Last night's State of the Union address was largely celebrated for invoking issues plaguing minority groups, but to some, the speech served as a "missed opportunity" to dig deeper into issues directly impacting the lives of African-Americans.
Such is the opinion of Ifeoma Ike, Co-Creator & Campaign Director of Black and Brown People Vote, who had hoped that Obama would've given racial equality more than just a fleeting mention.
"I understand that it's the State of the Union address, but it's really frustrating at times when the issues that actually impact you on a daily basis are just mushed into one run-on sentence of really different issues," she lamented in a HuffPost Live conversation on Wednesday.
He talked about Ferguson and Staten Island, which deals with the police brutality towards the black community, and then you go into the unfortunate violence that occurred with officers that were killed in New York City, and then you lump that in with the decrease in crime rates. And so, in a lot of ways, I think it's endemic of how we view race in America, that it is one big lumped issue that isn't worth the respect of actually piecing out what those issues are and even acknowledging that for almost 180 days, youth in Ferguson have been marching peacefully for the rights of black people everywhere.

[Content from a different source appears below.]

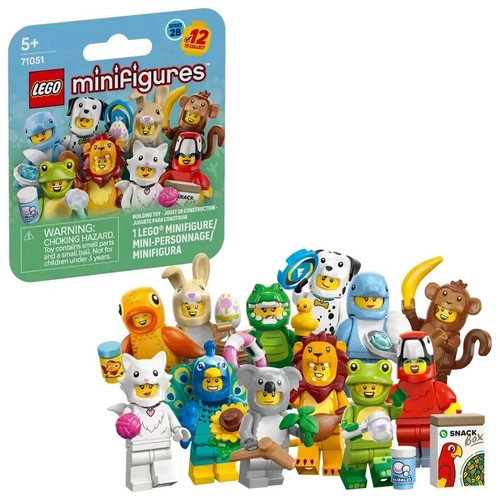 Lego 71051 animal - 71051,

And while the President was praised for his ambitions to shrink the gap between the middle and upper class, these issues are hardly on the forefront for many members of the black community, according to Ike.
"It's actually a very different world for those that are not experiencing a lot of the economic victories that we are touting in the United States, including the fact that African Americans are the only demographic right now that are still in double digits when it comes to unemployment," she explained.
"I just really encourage him and others to really look at what a lot of young people have been crying for," she continued, "which is the acknowledgement of not just civil rights, but human rights of black people: black women, black men, black trans, of black queer, of black gay -- all of these communities actually are treated so far from what we consider human, and definitely far from what we consider American."